Exercise objective: Transcribe each line of the records below exactly, excluding any embedded images.

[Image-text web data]
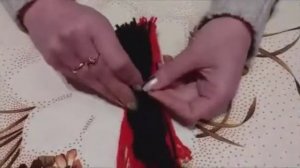 Мастер-класс по изготовлению поделки из шерстяных ниток «Снегири»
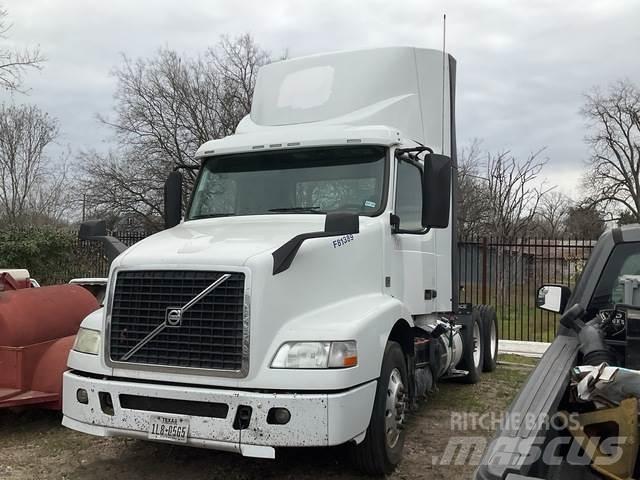Volvo VNM Cavalos Mecânicos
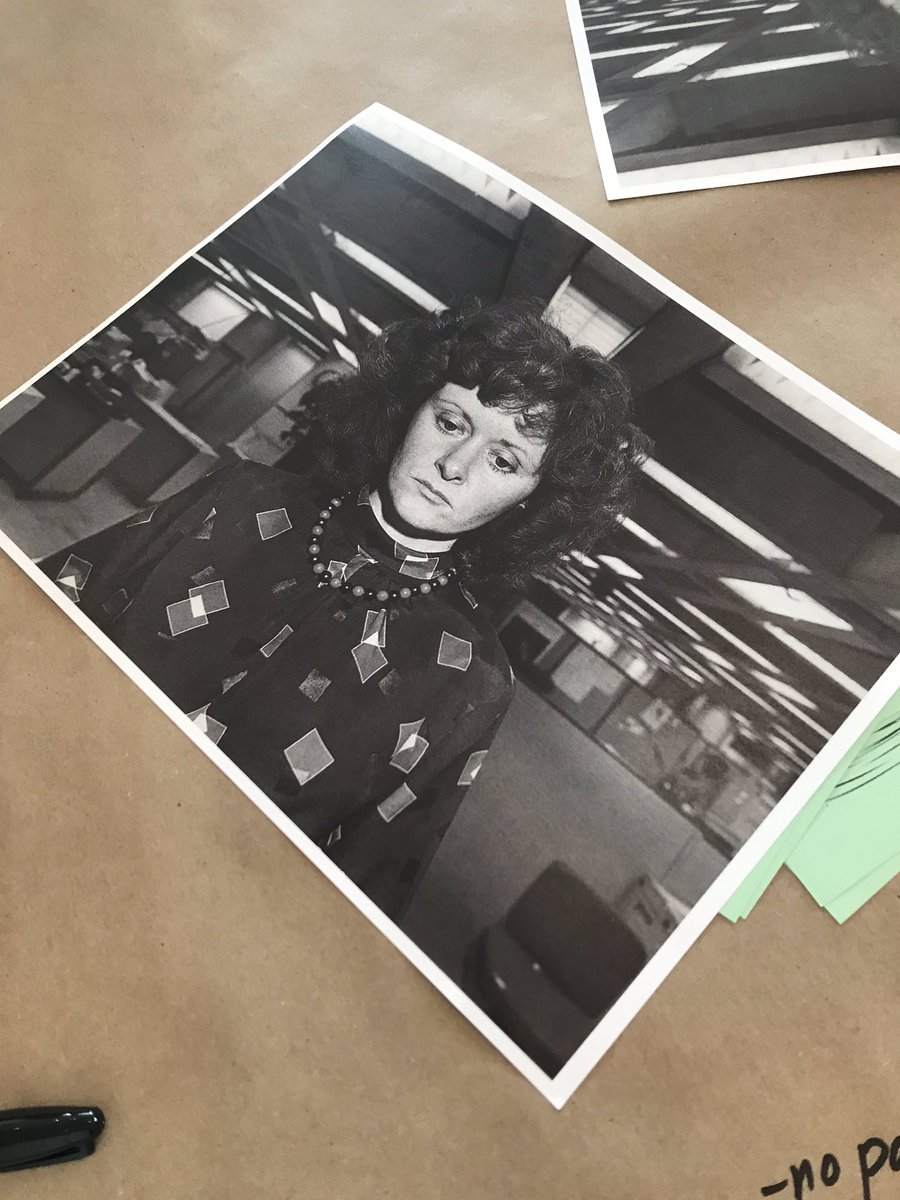 allieseiling's tweet photo. After looking at the picture and discussing what we noticed, we grappled with the question ... how do computers affect your own work? #ItsWorthIt #ItsWorthThinking #teach4creativity https://t.co/W1Mx1y9Z9X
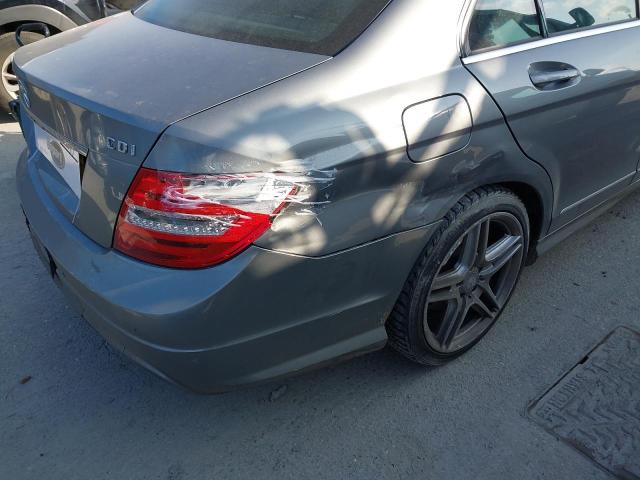 2011 MERCEDES BENZ C220 SPORT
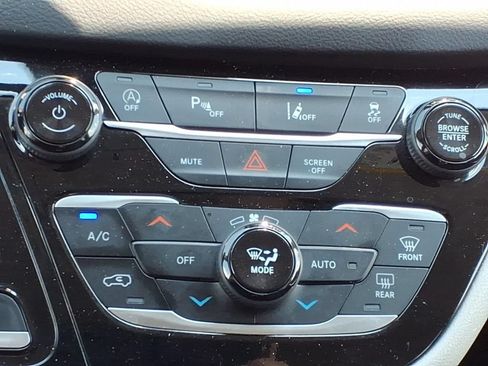 Used 2023 Chrysler Pacifica Touring-L FWD image 18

Expected output:
 Мастер-класс по изготовлению поделки из шерстяных ниток «Снегири»
Volvo VNM Cavalos Mecânicos
 allieseiling's tweet photo. After looking at the picture and discussing what we noticed, we grappled with the question ... how do computers affect your own work? #ItsWorthIt #ItsWorthThinking #teach4creativity https://t.co/W1Mx1y9Z9X
 2011 MERCEDES BENZ C220 SPORT
 Used 2023 Chrysler Pacifica Touring-L FWD image 18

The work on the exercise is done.